### Task to complete
Lines from the one with "Imagem de satélite" up to and including the one with "Maison de plain-pied" are to be copied exactly from the records below, without their pictures.

### Record set
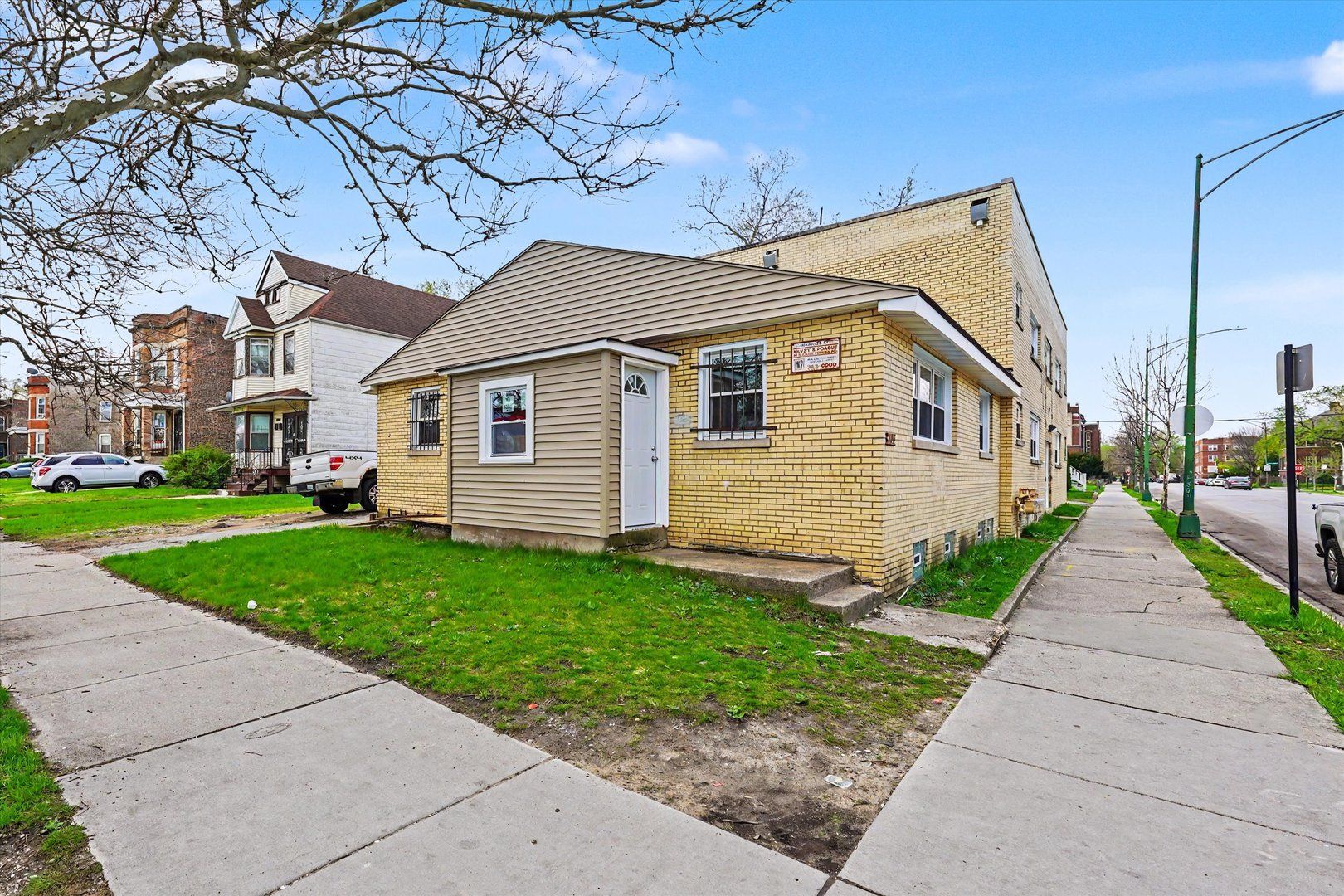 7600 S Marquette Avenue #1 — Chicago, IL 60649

...

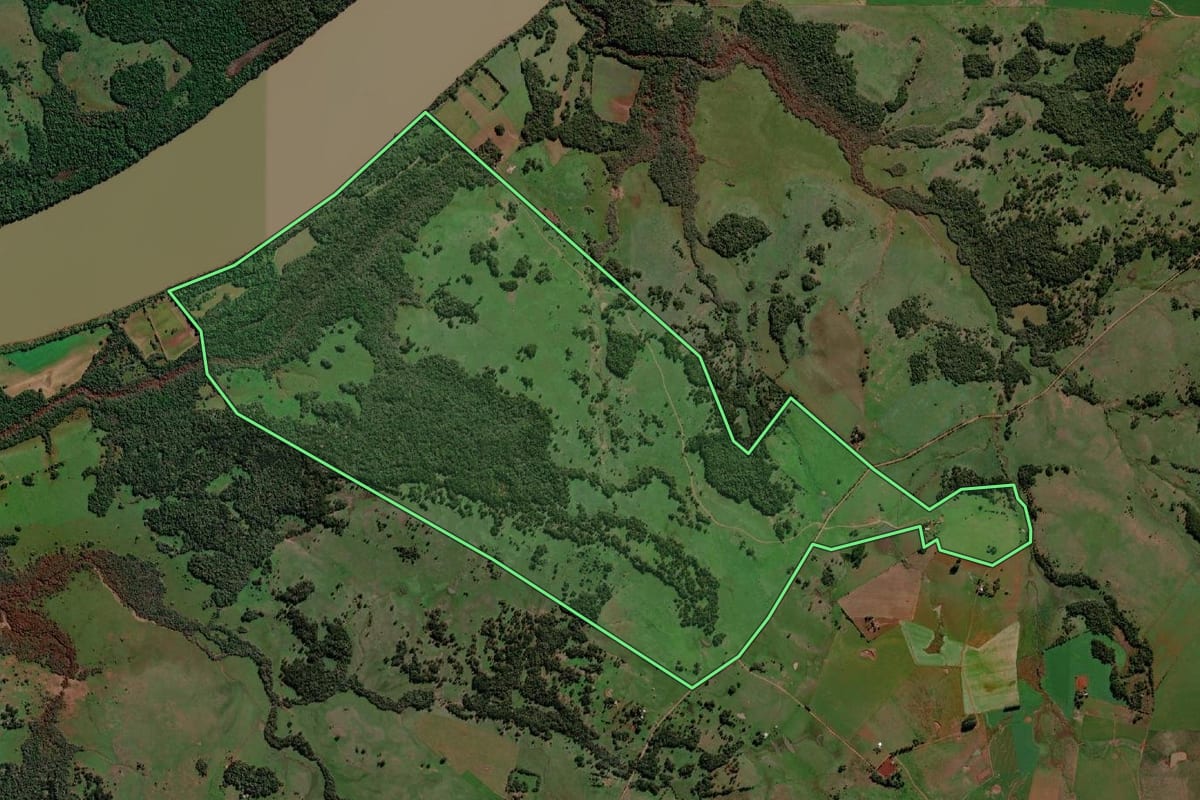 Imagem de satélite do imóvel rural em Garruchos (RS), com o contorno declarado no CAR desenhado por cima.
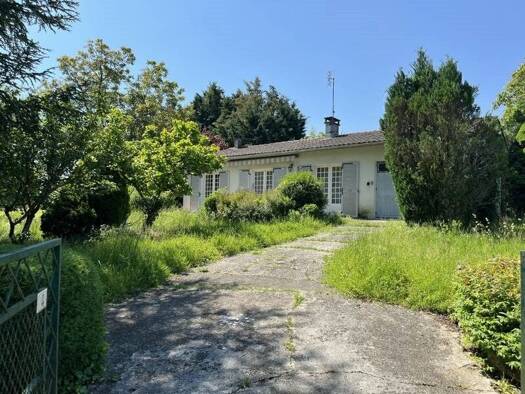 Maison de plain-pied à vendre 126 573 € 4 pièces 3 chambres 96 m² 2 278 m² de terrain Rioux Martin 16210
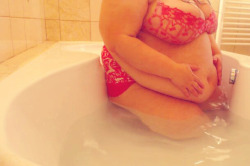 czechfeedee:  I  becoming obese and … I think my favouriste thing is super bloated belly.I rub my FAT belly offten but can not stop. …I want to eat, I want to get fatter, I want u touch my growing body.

### Result for this task
 Imagem de satélite do imóvel rural em Garruchos (RS), com o contorno declarado no CAR desenhado por cima.
 Maison de plain-pied à vendre 126 573 € 4 pièces 3 chambres 96 m² 2 278 m² de terrain Rioux Martin 16210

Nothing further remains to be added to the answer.